» Information provided
Content starts

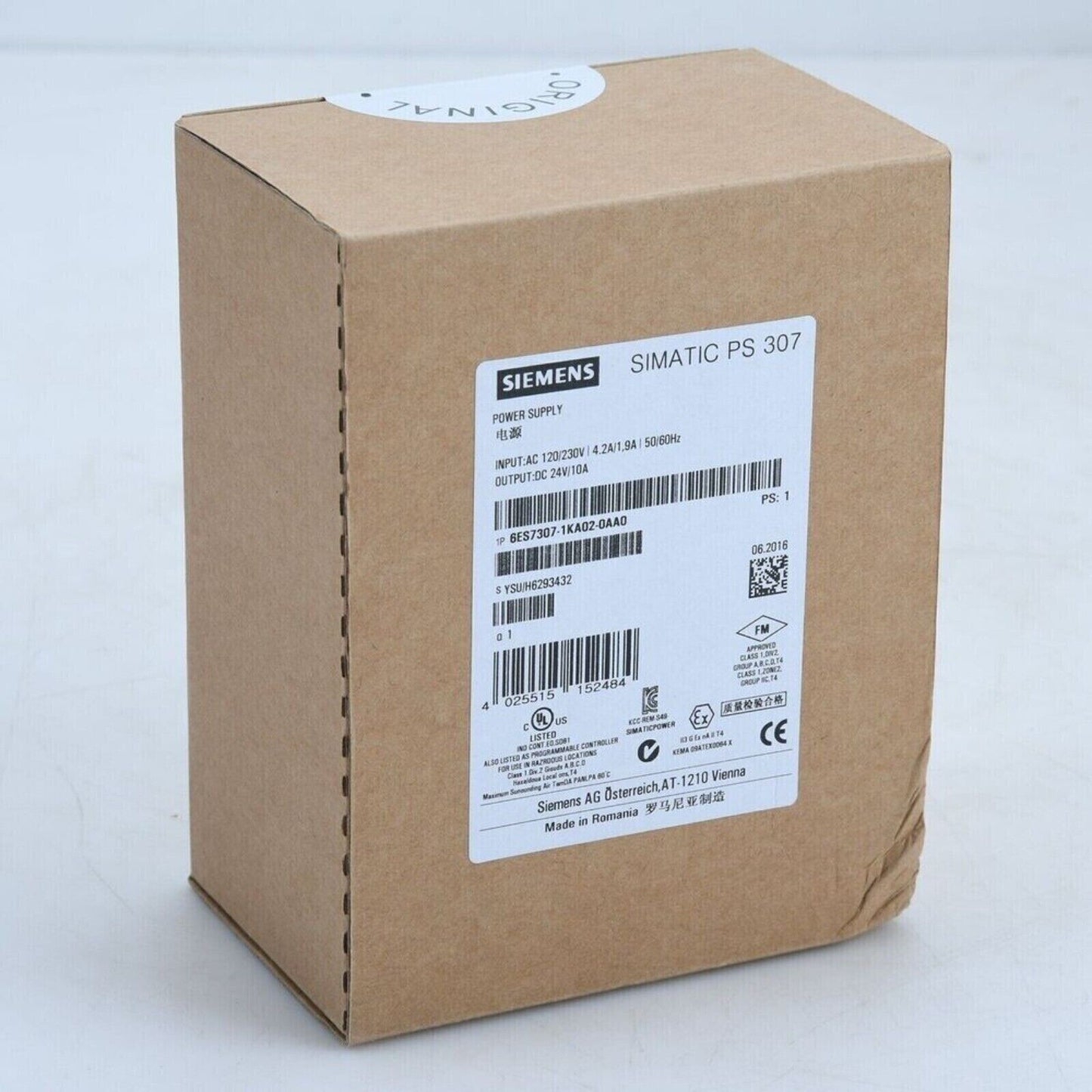 Siemens SIMATIC PS 307 Power Supply Module in box, 24V DC output, 6ES7307-1KA02-0AA0 for S7-300 automation systems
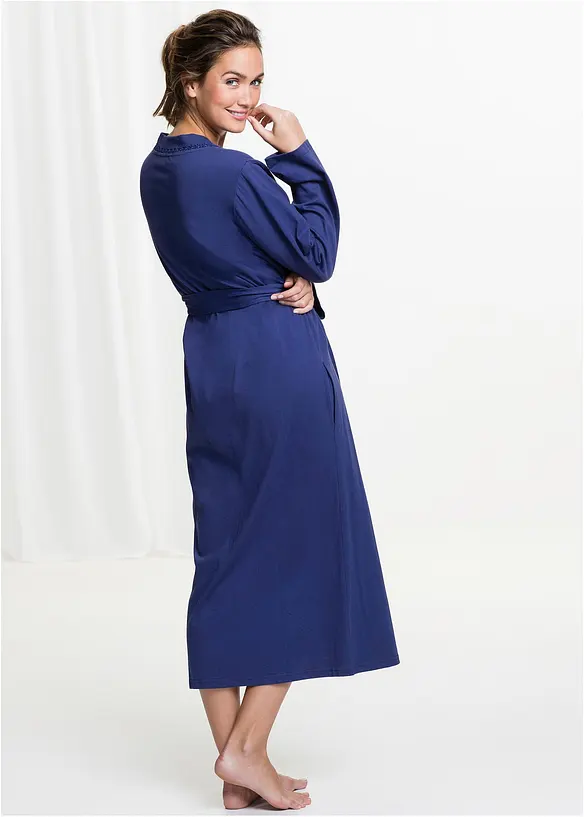 Bademantel aus Shirtqualität in blau von hinten (Totalaufnahme) - bonprix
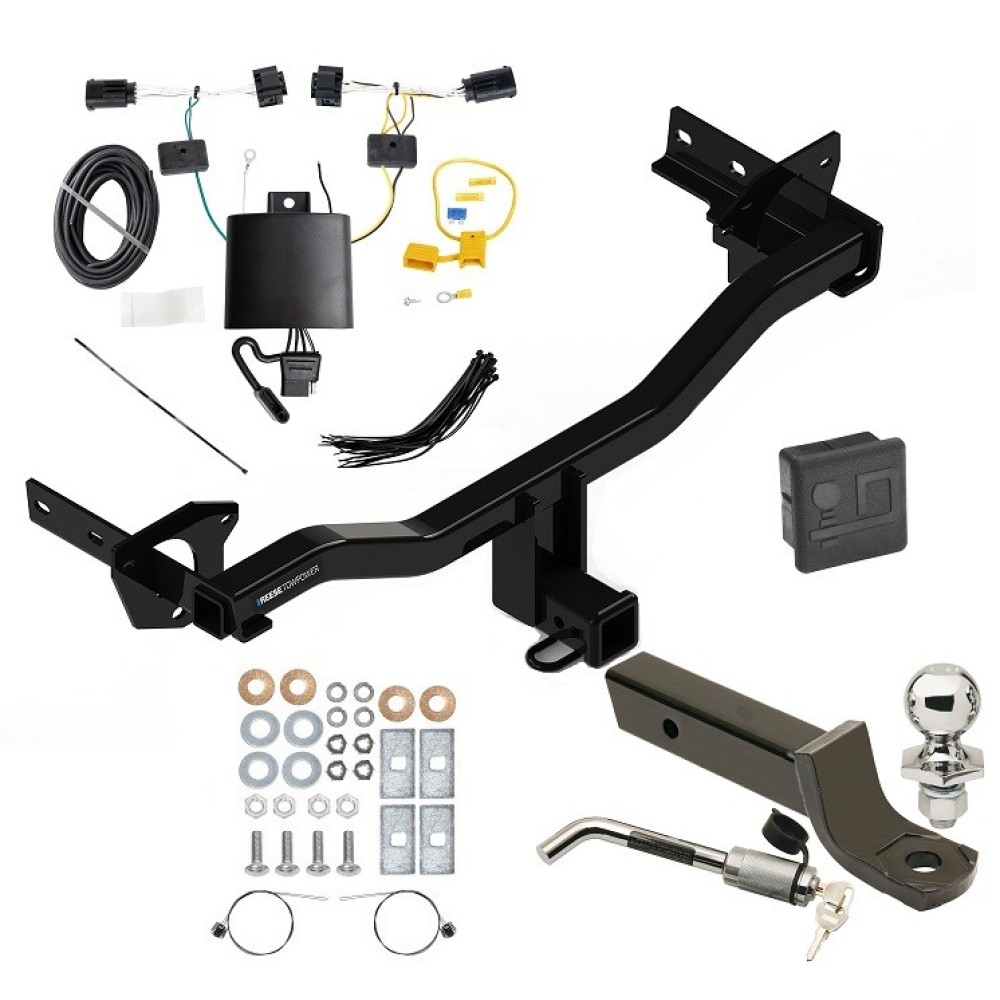 Custom Fit Trailer Hitch Wiring Harness (Plug & Play) 2" Drop Ball-Mount w/ Locking Pin/Clip 2" Chrome Ball Rubber Hitch Plug Cover Installation Hardware Installation Instructions 84199 118777 7005111 7010 Reese Towpower Trailer Tow Hitch 18 Reese Trailer Tow Hitch For 18-24 Alfa Romeo Stelvio Deluxe Package Wiring 2" Ball Mount and Lock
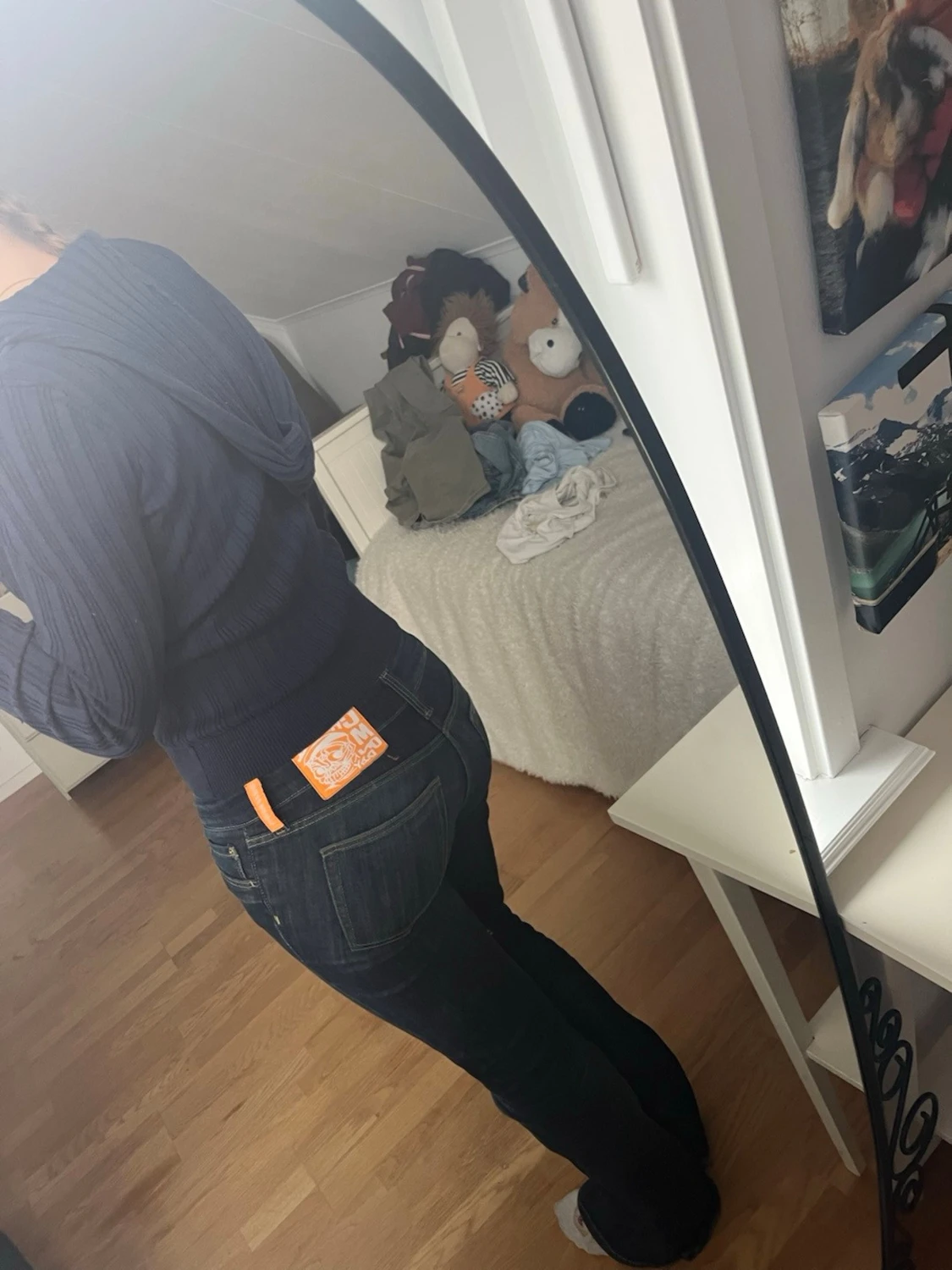 Mörkblå ribbad hoodie med dragkedja - 3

Content ends

» Task description
What is needed is a word-for-word copy of the data, minus its pictures.

» The answer
 Siemens SIMATIC PS 307 Power Supply Module in box, 24V DC output, 6ES7307-1KA02-0AA0 for S7-300 automation systems
 Bademantel aus Shirtqualität in blau von hinten (Totalaufnahme) - bonprix
 Custom Fit Trailer Hitch Wiring Harness (Plug & Play) 2" Drop Ball-Mount w/ Locking Pin/Clip 2" Chrome Ball Rubber Hitch Plug Cover Installation Hardware Installation Instructions 84199 118777 7005111 7010 Reese Towpower Trailer Tow Hitch 18 Reese Trailer Tow Hitch For 18-24 Alfa Romeo Stelvio Deluxe Package Wiring 2" Ball Mount and Lock
 Mörkblå ribbad hoodie med dragkedja - 3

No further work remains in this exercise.